MORITZ: That was definitely a crazy coincidence. The credit to finding and casting them solely goes to our casting director, Nancy Nayor, who did an amazing job! We cast quite a wide net for the role of young Boy. It was global search, but we were delighted to get Nicholas and Cameron. They are both such accomplished young actors with such a wide range of work already. The way they both collaborated to bring the single character to life was brilliant—they committed to the emotions, the stunts and the training. They are amazing young actors.

Filming on location in Cape Cod, South Africa, must have been a wild ride. Do you have any favorite memories you would like to share about your time on set?

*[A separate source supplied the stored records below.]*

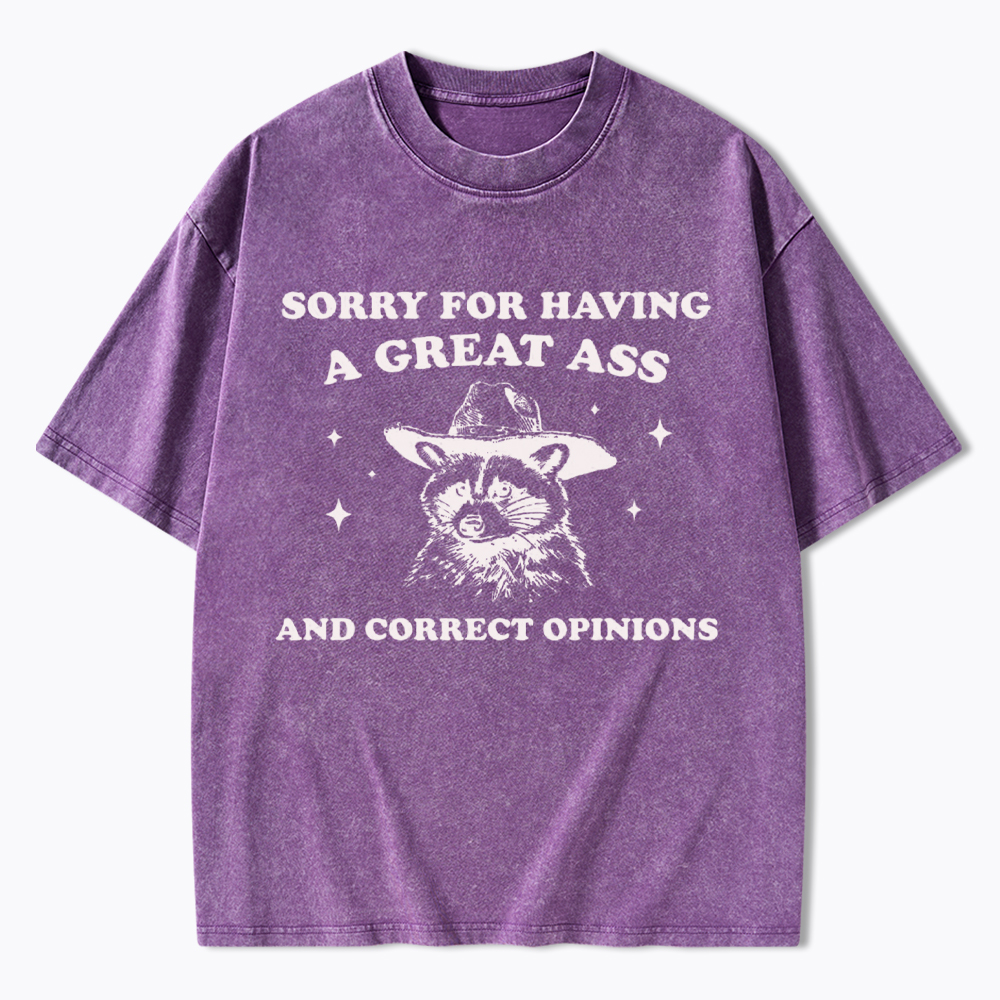 Sorry For Having A Great Ass and Correct Opinions Washed T-Shirt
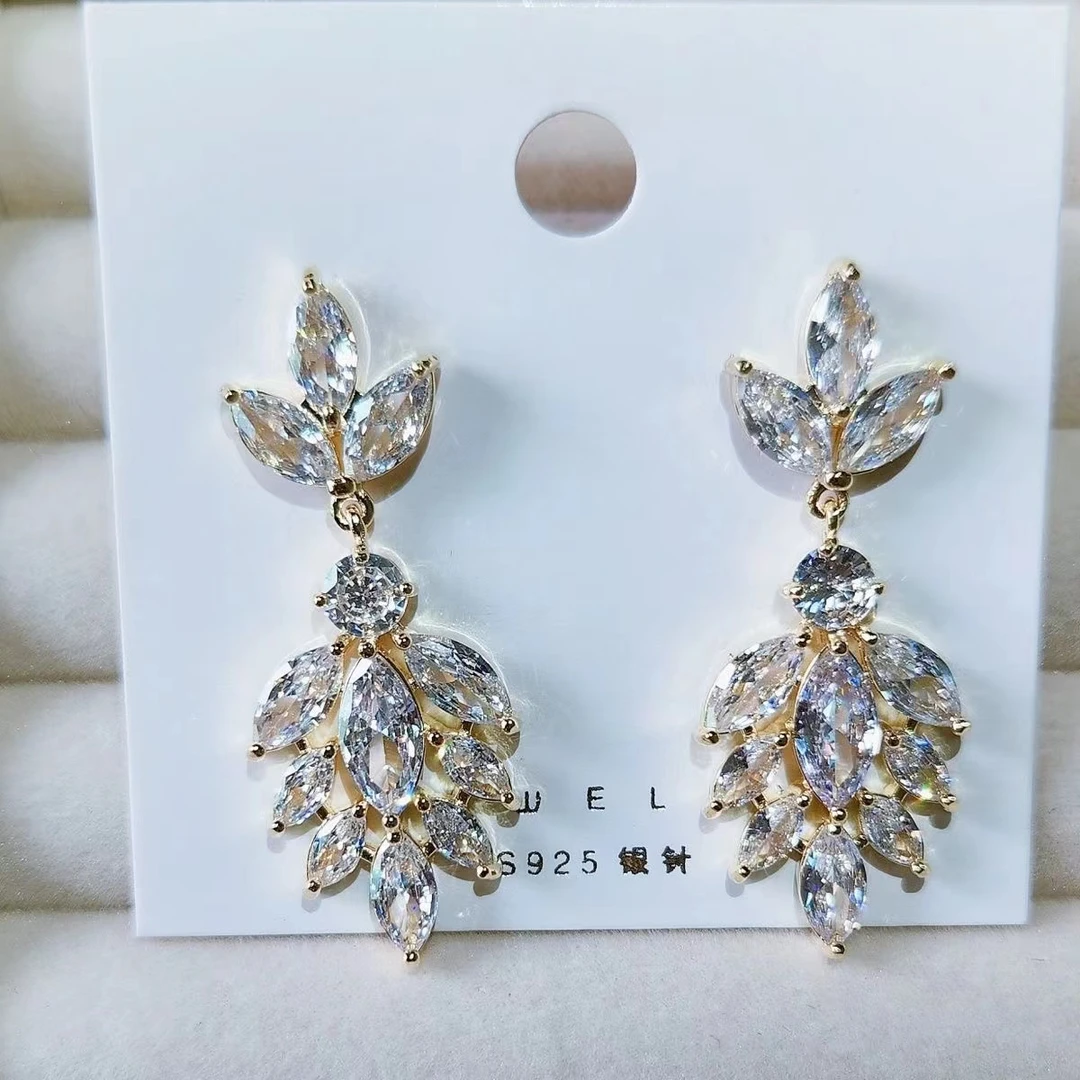 铜合金耳饰 金色欧美日韩甜美小众耳饰奢华珠宝精致轻奢长款5480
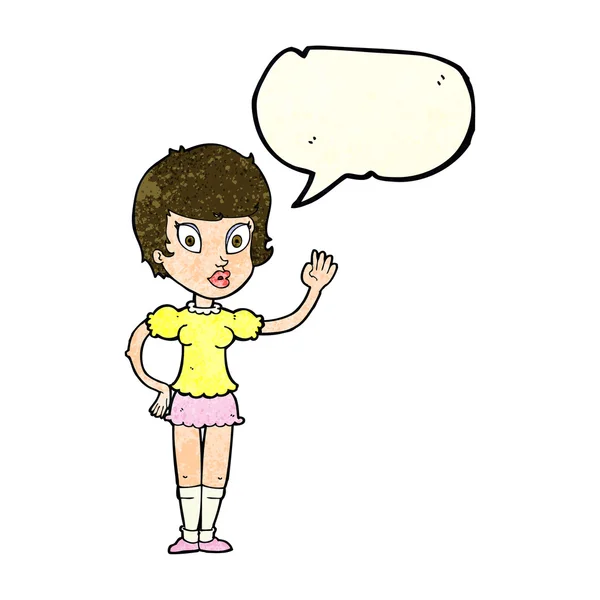 Kreslené hezká dívka mává s hlasovou bublinou — Stockový vektor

MORITZ: Shooting in and around Cape Town was an amazing experience. The team was great, and the area is very beautiful. We tried to create our own world, a city surrounded by jungle and water, neither American nor European. Cape Town provided the perfect canvas for that. We just loved the people there, the crews are so talented and generous. I have so many favorite moments from this shoot—both on set and off set. The locations were all fantastic, and the city is stunning with such a great food scene. Everywhere you look is a stunning view and some amazing restaurant. Favorite moments on set would have to be the endless riffing and ad libbing from Andrew Koji, Isaiah, Sharlto and Brett Gelman, a lot of which ended up in the final cut.

What were your primary cinematic influences in crafting the zany atmosphere of this unique film?

MORITZ: I am a huge fan of Asian  cinema. Old Kung Fu and Samurai movies, John Woo’s early action masterpieces, Takashi Miike and of course Park Chan Wook. I worked really hard to create a world that was familiar, yet unfamiliar in a time uncertain. I wanted to create something fresh and different, and as we recruited our department heads, we challenged them all to “wave their crazy flag”.

Producer Sam Raimi is a huge supporter of genre films. How did he come on board, and how hands-on was he during filming?

MORITZ: Sam was on board from a very early stage. He loved the genre and freshness of this audacious script, and my unique and fresh take on it. He has been with me on this ride for 6 of the 7 years, and he has been a great partner and collaborator. He was very involved during the script and the editing stages, and it was fantastic getting his insights and thoughts and his years of experience and wisdom.

The breakneck action in Boy Kills World is on another level from the type of energy we usually see from Western action films. How did you approach filming for some of the more demanding sequences and stunts, such as the live broadcast, or that big final showdown?

MORITZ: The action set pieces were among the scenes we worked out first. Dawid Szatarski, the action designer on the show, created detailed proof of concepts for each scene before the start of principal photography. That way we could be as efficient and fast as possible. This is very clearly a wild and fun revenge movie, showing the destructive path of revenge. It is entertainment, and meant to be a roller coaster ride! It shows very clearly in an audacious and ridiculous tale how we can be manipulated to do things in an “us versus them “ world when there is usually more to it. There are crazy twists and turns that ultimately showcase the importance of thinking for yourself, and being aware of the potential for being manipulated into doing things for some other purpose.

What was your favorite scene to film?

MORITZ: There were so many scenes that were fun to shoot, but the ones with Isiah Mustafa always cracked me up. He ad libbed so many lines that just came unexpected. 

Big thanks to Moritz Mohr for taking the time out of his busy schedule to chat with us! Boy Kills World debuts at the Toronto International Film Festival on Saturday, September 9th, and is a definite must-see if attending in person. Be sure to add it to your watchlist, and keep it on your radar!